Missing the Point? Hope

Hope is one third part of faith, hope and love. Faith, hope and love are the only things that will outlast everything else.   

But, hope only exists because of what is hoped for.  It isn’t a stand-alone eternal verity. Hope believes what God has promised, especially those things promised that we live in hope for.  The apostle Paul stated that hope realised is not hope. Hope anchors us to the future God has promised, a future that is not yet.

Hope, however, seems to have been transmogrified (surprisingly/magically) into positive mental attitude (PMA).  Not a lot wrong with a positive attitude. It is certainly better than a negative one, and a positive attitude has all sorts of personal benefits.  But to confuse biblical hope with a positive mental attitude is confusing one species for another, and the confusion is an extinction of hope.  

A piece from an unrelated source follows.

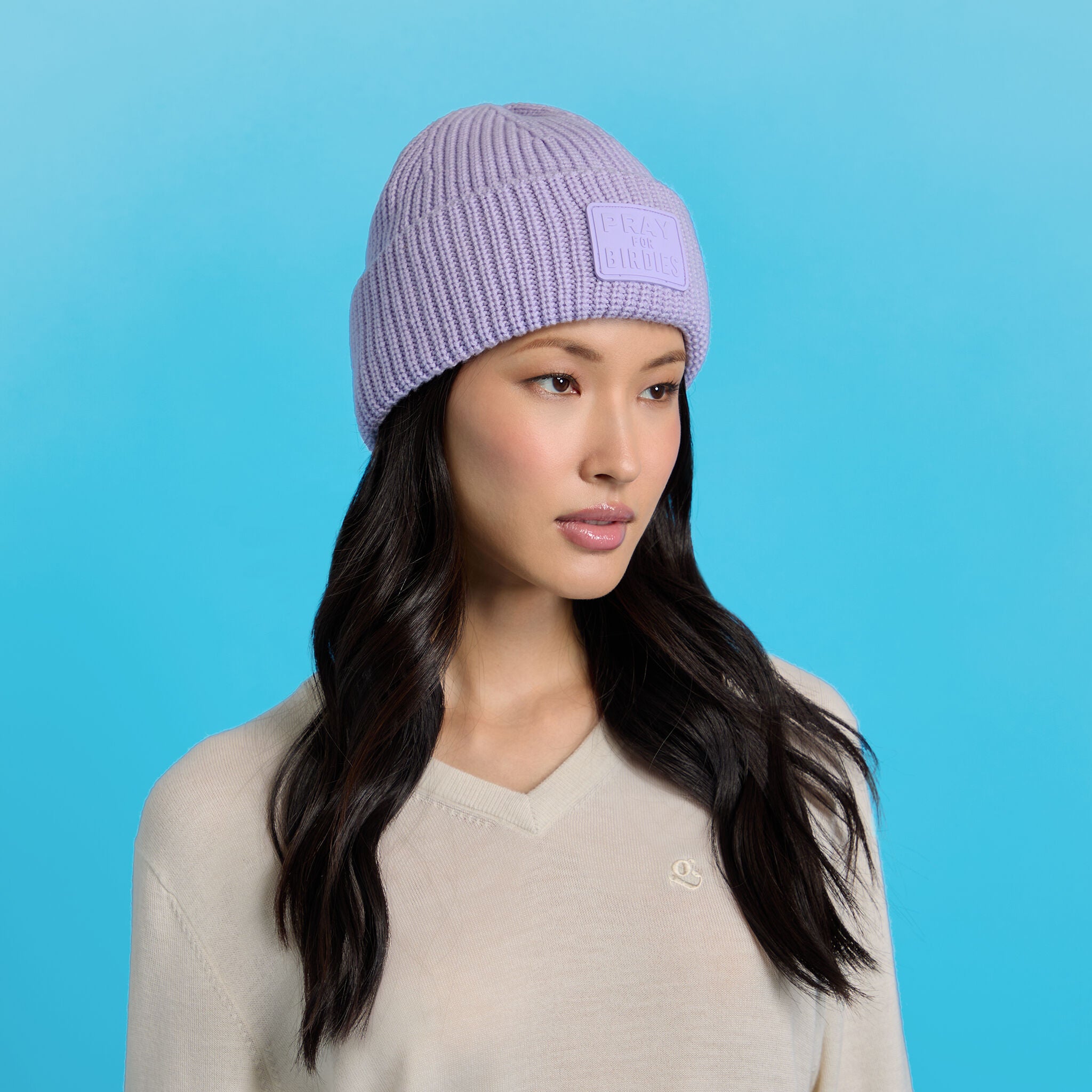 PRAY FOR BIRDIES WOOL CASHMERE BEANIE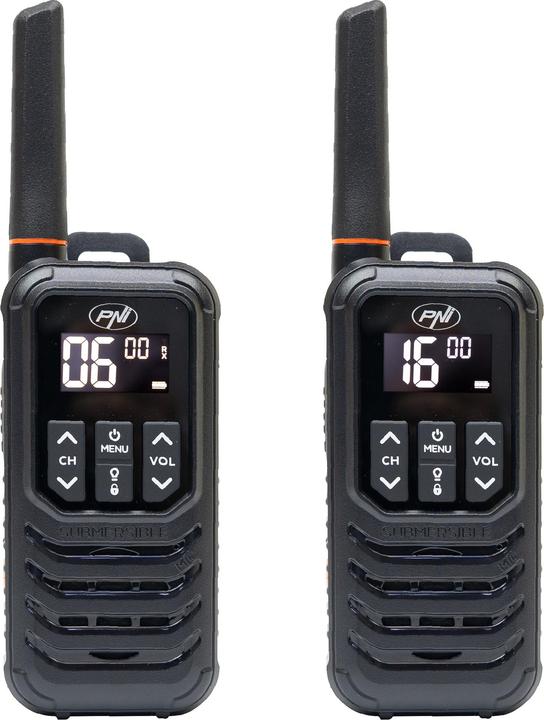 PNI Radio portatile PMR R80 PRO, set di 2, 0,5 W, 16 canali, impermeabile IP67, con torcia LED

  • PMA is meant to receive its inheritance now – hope later.  

  • PMA is about an anticipated better life now, primarily for me - hope is about an assured better future for us.

  • PMA is blind to things that aren’t in any shape or form positive  - hope sees the future but with clear eyed realism about the present. 

Hope is much richer and premised on better things than a positive attitude can ever hope to be.  

The fatal flaw in PMA is that it is overly optimistic about humanity and our ability to offer genuine change.  It teeters towards hubris, and that doesn’t go down well with God, quite aside from being a disaster for us.  

If we trade genuine ‘long-game’ hope for a ‘short-term’ positive attitude we may be missing the point.